Como es natural, se apoyan en Mahoma y, en concreto, en la Carta de Medina, que cumplirá ahora 1.400 años: fue una especie de acuerdo constitucional entre el Profeta y el pueblo de Medina, “que garantizaba la libertad religiosa para todos, independientemente de su fe”.
En Marrakech se ha planteado también la necesidad de revisar a fondo los programas educativos, y el modo efectivo de impartir las enseñanzas, para eliminar “cualquier tema que incite a la agresión y al extremismo, conduciendo a la guerra y al caos”.
En definitiva, esa Declaración afirma que es “inconcebible el uso de la religión para golpear los derechos de las minorías religiosas en los países musulmanes”. La cuestión está en calibrar hasta qué punto existe un fundamento más o menos teológico en la actual violencia. Cada vez se extiende más la convicción de que son otras las motivaciones de los radicales.
Lo decía a finales de 2015, en La Contra de La VanguardiaDounia Bouzar, una antropóloga social musulmana que trabaja en París y trata de recuperar a jóvenes captados por el yihadismo, fenómeno cada vez más inquietante en Occidente. Sus palabras eran fuertes: “Ni estado ni islámico: ¡secta asesina!”
Curiosamente, la cuestión se ha exacerbado en el actual debate francés sobre laicidad: las discusiones se reabren continuamente, especialmente desde la legislación prohibitiva respecto del velo islámico en la escuela. No es en modo alguno una cuestión pacífica, aunque la ley originaria se promulgó en 1905…

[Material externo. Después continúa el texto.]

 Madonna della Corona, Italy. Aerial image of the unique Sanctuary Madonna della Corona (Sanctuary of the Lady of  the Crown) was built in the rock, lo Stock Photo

Da la impresión de que se ha sacado de quicio una frase aislada de la conocida filósofa Elisabeth Bandinter, más bien progresista. Afirmó que no tenía miedo a ser tachada de islamófoba, al juzgar las realidades presentes que afectan a la esencia de la convivencia democrática. Y se originó un notorio revuelo a cuenta de los distintos enfoques de esa laicidad republicana. Hasta ahora, la izquierda se caracterizaba por un respeto a los musulmanes que contrastaba con la habitual crítica de lo cristiano.
Ciertamente, Francia ha condenado hechos fragrantes anticristianos, también porque han sucedido en regiones en que tuvo un papel importante en el siglo XX como potencia responsable de colonias o protectorados. Pero ha sido muy exigua la acción política, también dentro del Hexágono. Y lo que está en juego hoy en el mundo es la cristianofobia, con los rasgos clásicos del genocidio en determinados países. Lo ha recordado hace unos días en Roma Ignace Youssef III Younan, patriarca de Antioquía de los Sirios, en el doble plano de la responsabilidad de algunas potencias occidentales, y del silencio de las máximas autoridades islámicas. Antes lo había reiterado Louis Raphael Sako, patriarca de Babilonia de los caldeos. Ojalá la Declaración de Marrakech sea punto de apoyo para un cambio de rumbo.